Развивая понятие «казарменный социализм», все больше увязали в гипостазировании. Например, в СССР имели место трудовой энтузиазм и моральное стимулирование. Это был маленький элемент советского строя, занимавший очень скромное место в ряду других элементов. Профессор А. С. Ципко придает ему статус чуть ли не единственной сущности советской социально-экономической системы: «Разве не абсурд пытаться свести все проблемы организации производства к воспитанию сознательности, к инъецированию экстаза, энтузиазма, строить всю экономику на нравственных порывах души? Долгие годы производство в нашей стране держалось на самых противоестественных формах организации труда и поддержания дисциплины — на практике „разгона“, ругани, окрика, на страхе» [189, c. 80].
Можно ли придумать для сталинской системы организации производствa более неадекватное обвинение, чем назвать ее попыткой «строить всю экономику на нравственных порывах души»?11 Автор изобретает фантастические сущности — и сам начинает в них верить. Крупный экономист Л. фон Мизес предупреждал: «Склонность к гипостазированию, т. е. к приписыванию реального содержания выстроенным в уме концепциям — худший враг логического мышления».
Г. X. Попов, внося свою лепту в концепцию «казарменного социализма», запустил в обиход, как нечто сущее, туманный термин «административно-командная система». Он был подхвачен прессой и даже получил аббревиатуру — АКС. И стали его употреблять, как будто он что-то объясняет.
На деле любая общественная система имеет свой административно-командный «срез», и иначе просто быть не может. И армия, и церковь, и хор имени Свешникова — всё имеет свою административно-командную ипостась, наряду с другими. Намекалось, что в «цивилизованных» странах, конечно, никакой АКС быть не может, там действуют только экономические рычаги. Это наивно — любой банк или корпорация, не говоря уж о государственных ведомствах, действуют внутри себя как иерархически построенная «административно-командная система», причем с контролем более жестким, чем был в СССР.

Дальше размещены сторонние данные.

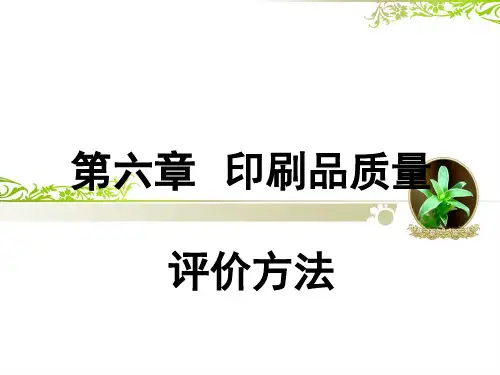 第六章 印刷质量评价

Слова «административная система» приобрели такую магическую силу, что этот ярлык позволял предлагать самые нелепые действия. Вот, Н. П. Шмелев утверждал: «Фундаментальный принцип всей нашей административной системы — распределять! Эту систему мы должны решительно сломать» [197].
Назвать распределение, одну из множества функций административных систем, принципом и даже фундаментальным, — значить исказить всю структуру функций, нарушить меру. Но даже если так преувеличивается значение функции распределения, почему же эту систему надо сломать, причем решительно? Разве в обществе нет необходимости распределять?
Мы укажем здесь лишь на несколько случаев гипостазирования, касающихся ключевых понятий реформы. Однако это явление стало именно общим и охватило все уровни абстракции. Произошел отрыв всей когнитивной структуры российского «общество знания» от реальности общественных процессов. Это тяжелая деформация сознания образованного слоя. В той или иной мере ее признаки в разное время возникали и в других культурах, однако нынешнее состояние российской интеллигенции стало, видимо, самым глубоким кризисом. С конца 80-х годов XX века господствующим типом мышления в российской обществоведении, а затем в основной массе интеллигенции стало «мышление в духе страны Тлён» (см. главу 13).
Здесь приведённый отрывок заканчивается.